Return the data below exactly, but only from the line containing "Michelangelo, the Heart" through the line containing "John Deere 792D", with both of those lines included.
*** Information shown Section Begins ***
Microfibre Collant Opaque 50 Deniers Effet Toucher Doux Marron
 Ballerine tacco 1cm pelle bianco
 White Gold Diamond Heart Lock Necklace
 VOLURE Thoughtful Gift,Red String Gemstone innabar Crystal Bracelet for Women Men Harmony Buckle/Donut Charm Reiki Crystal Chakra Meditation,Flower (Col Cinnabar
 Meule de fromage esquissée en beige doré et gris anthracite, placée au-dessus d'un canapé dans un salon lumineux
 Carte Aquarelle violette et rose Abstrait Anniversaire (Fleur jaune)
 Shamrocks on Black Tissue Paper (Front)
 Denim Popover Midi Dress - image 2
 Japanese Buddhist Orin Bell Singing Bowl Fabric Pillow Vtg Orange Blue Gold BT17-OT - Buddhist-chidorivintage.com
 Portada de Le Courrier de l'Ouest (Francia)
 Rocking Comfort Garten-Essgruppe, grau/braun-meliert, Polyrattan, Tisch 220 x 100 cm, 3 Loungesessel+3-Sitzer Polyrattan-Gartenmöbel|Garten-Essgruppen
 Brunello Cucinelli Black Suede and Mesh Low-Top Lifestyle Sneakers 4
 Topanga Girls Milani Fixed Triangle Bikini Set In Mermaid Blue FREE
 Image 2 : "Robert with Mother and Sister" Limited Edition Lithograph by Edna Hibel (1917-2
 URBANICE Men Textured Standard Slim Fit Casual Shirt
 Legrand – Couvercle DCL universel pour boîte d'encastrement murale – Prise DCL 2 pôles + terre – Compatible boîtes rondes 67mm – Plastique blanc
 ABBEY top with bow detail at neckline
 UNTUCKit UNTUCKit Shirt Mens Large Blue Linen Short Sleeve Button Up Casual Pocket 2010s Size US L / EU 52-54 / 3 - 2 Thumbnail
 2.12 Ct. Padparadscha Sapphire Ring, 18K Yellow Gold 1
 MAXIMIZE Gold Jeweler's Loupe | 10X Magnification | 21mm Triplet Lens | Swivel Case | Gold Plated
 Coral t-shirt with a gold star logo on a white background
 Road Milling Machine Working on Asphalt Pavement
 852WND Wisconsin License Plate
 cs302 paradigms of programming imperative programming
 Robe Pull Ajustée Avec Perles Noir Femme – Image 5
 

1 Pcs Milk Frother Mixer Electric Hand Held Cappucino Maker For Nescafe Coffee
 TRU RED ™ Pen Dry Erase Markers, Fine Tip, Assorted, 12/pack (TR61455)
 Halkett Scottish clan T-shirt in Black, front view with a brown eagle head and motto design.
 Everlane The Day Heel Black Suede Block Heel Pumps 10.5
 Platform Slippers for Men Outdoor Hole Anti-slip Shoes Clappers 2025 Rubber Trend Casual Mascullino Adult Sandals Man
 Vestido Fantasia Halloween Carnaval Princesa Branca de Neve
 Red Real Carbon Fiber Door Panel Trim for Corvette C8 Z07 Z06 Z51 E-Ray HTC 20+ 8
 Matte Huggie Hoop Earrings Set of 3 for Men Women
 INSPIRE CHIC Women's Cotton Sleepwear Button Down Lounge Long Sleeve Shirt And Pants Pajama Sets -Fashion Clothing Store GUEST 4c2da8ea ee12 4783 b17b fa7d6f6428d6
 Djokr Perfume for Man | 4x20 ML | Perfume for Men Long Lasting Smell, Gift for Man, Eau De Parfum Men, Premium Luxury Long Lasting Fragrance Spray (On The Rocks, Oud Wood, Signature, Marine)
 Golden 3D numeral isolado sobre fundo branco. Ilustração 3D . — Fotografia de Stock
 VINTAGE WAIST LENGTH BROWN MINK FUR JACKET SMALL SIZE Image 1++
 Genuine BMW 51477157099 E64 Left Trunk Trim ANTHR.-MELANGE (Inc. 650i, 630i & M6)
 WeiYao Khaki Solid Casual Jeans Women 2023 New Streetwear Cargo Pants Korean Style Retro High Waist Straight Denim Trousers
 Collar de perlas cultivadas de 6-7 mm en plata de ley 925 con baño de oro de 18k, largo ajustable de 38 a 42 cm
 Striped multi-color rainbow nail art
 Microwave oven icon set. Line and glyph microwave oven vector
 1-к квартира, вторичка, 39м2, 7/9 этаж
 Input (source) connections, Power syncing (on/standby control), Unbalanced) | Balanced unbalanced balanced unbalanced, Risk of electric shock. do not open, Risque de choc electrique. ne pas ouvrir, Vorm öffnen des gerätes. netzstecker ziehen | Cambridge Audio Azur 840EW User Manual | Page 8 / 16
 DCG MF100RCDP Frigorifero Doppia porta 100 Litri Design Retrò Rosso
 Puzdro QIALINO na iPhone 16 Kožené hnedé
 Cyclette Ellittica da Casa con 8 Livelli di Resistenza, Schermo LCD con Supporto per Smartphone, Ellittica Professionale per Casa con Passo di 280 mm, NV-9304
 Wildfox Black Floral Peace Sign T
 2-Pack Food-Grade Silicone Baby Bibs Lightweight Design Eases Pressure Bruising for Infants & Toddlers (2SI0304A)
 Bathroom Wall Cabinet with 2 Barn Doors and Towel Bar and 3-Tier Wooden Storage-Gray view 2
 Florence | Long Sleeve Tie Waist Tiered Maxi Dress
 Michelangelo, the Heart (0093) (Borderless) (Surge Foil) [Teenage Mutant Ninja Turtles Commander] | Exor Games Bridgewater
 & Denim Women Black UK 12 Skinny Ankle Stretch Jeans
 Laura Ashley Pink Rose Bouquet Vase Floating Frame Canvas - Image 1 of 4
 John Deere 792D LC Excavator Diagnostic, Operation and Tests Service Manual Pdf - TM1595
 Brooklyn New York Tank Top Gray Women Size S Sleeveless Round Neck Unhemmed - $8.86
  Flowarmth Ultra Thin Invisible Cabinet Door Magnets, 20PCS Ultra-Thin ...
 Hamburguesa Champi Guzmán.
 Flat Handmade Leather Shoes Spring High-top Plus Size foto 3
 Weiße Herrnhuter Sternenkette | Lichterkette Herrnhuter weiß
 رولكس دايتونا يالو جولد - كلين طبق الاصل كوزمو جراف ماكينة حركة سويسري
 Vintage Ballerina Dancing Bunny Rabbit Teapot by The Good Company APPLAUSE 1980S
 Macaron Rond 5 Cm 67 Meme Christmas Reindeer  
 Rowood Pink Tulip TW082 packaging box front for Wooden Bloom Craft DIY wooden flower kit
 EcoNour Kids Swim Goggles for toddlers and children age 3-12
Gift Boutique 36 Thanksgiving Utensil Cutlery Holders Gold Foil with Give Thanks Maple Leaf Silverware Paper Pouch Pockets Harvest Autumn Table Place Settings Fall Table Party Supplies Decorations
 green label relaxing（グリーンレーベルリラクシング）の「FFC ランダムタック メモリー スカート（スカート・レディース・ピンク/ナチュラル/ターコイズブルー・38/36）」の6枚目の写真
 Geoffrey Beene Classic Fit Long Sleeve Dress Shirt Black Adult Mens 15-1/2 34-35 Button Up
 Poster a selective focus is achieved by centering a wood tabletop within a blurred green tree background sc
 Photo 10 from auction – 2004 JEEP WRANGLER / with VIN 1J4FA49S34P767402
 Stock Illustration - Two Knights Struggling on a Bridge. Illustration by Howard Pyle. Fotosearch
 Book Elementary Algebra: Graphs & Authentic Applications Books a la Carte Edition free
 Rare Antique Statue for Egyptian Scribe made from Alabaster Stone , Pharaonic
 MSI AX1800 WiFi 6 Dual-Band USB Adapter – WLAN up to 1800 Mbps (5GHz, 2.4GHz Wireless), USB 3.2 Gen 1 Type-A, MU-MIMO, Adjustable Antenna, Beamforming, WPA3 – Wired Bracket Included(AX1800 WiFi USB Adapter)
*** Information shown Section Ends ***
*Task output*:
 Michelangelo, the Heart (0093) (Borderless) (Surge Foil) [Teenage Mutant Ninja Turtles Commander] | Exor Games Bridgewater
 & Denim Women Black UK 12 Skinny Ankle Stretch Jeans
 Laura Ashley Pink Rose Bouquet Vase Floating Frame Canvas - Image 1 of 4
 John Deere 792D LC Excavator Diagnostic, Operation and Tests Service Manual Pdf - TM1595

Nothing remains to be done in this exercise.